Figure 18.—View of the laboratory and study room of the apothecary shop. On the left, the German-Swiss bronze mortar and pestle (1686) sign and above it an 18th-century German painting on canvas of Christ, “the apothecary of the soul.” The drug containers represent “the fruits of the spirit,” faith, patience, charity, etc., and the scales represent justice. Underneath is the verse from Matthew, 11:28, “Come unto me, all ye that labour and are heavy laden, and I will give you rest.” (Courtesy of the American Pharmaceutical Association.)

During his almost-three and a half years of service, Thomas acquired hearing-aid appliances from which he designed an exhibit on the development of these aids, surgical sutures, early samples of Aureomycin, and a static-electricity machine made by Henkel about 1840. He also published three short articles under the title, “Now and Then,” in the National Capital Pharmacist (1950), no. 1, pp. 8-9; no. 2, pp. 18-19, 29; and no. 3, pp. 15-16. In early 1952, Dr. Arthur O. Morton presented to the Division, a Swiss-made keratometer which he had purchased in 1907, and it is believed to be one of the first used in the United States to measure the curves of the cornea.

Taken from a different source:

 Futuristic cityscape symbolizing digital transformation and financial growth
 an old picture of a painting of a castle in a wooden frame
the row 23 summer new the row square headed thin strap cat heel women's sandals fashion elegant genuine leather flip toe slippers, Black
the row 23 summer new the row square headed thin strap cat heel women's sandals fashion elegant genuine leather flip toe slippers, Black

The achievements of the Division reached their highest point, thus far, in significantly increasing the national collection, as well as in contributing to the scientific, historical, and professional literature, under the curatorships of George B. Griffenhagen (December 8, 1952, to June 27, 1959) and John B. Blake (July 1, 1957, to September 2, 1961). Their reorganization of exhibits and collections, their competence and industry, fulfilled the hopes, plans, and purposes laid down by earlier curators for the Division.

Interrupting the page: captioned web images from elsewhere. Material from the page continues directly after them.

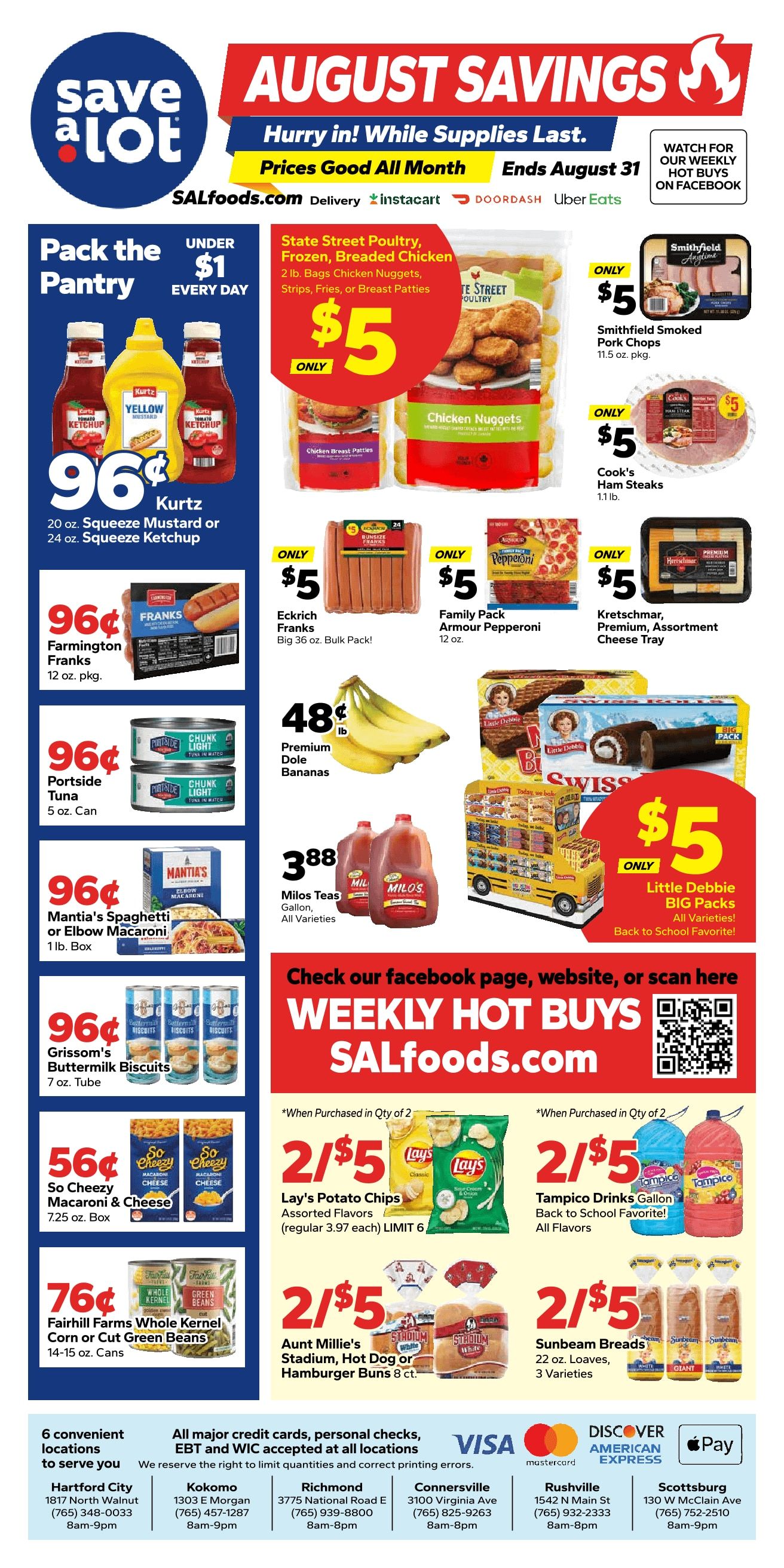Save a Lot Food Stores Special Promotion Weekly Ad August 10 - 31, 2026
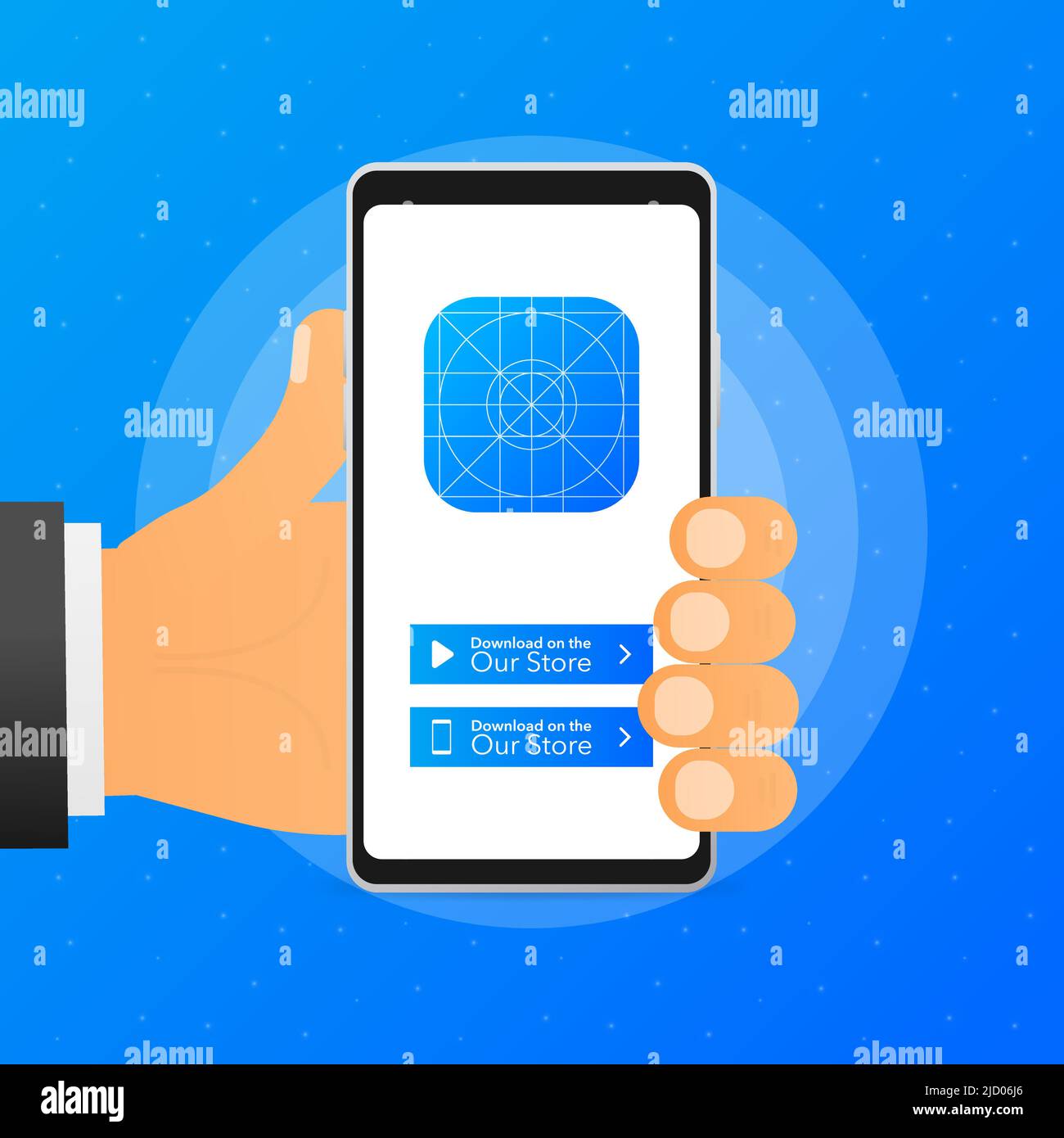 Hand hält Telefon mit Download neue App im Geschäft auf blauem Hintergrund. Vektorgrafik. Stock Vektor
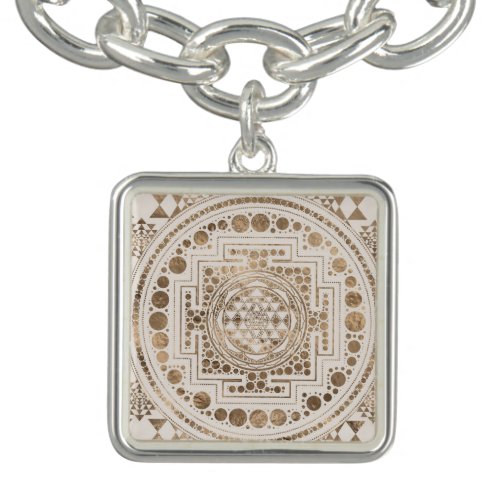 Sri Yantra   Sri Chakra Pastel Gold Bracelet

Immediately after assuming the responsibilities of the Division and throughout 1953, Mr. Griffenhagen (M.S. in pharmaceutical chemistry from the University of Southern California) undertook to develop the collections still further. He increased the emphasis not only on historical pharmacy, but also on medicine, surgery, and dentistry. He also renovated the exhibits in the medical gallery.

In 1954, several antibiotics were donated to the Division including a mold of Penicillium notatum prepared and presented to the Smithsonian Institution by Sir Alexander Fleming (1881-1955), the discoverer of penicillium (1929), and a few Petri dishes used by botanist Benjamin M. Daggar who, while working for Lederle Laboratories, developed Aureomycin (chlortetracycline) in 1948. The Forest D. Dodrill—G.M.R. mechanical heart (1952), the first machine reported to be used successfully for the complete bypass of one side of the human heart during a surgical operation, [17] was presented to the Smithsonian Institution.

The following year, 1955, the Division acquired one of the earliest Einthoven string galvanometers (named after the Dutch physiologist Willem Einthoven, 1860-1927) made in the United States in 1914 by Charles F. Hindle for an electrocardiograph. Also added to the Division’s collections was the electrocardiograph used by Dr. Frank E. Wilson of the United States, a pioneer educator in this field. Two temporary exhibits on allergy and surgical dressings were installed in the gallery. In the same year, Curator Griffenhagen published Early American Pharmacies, a catalog on 28 pharmacy restorations in this country.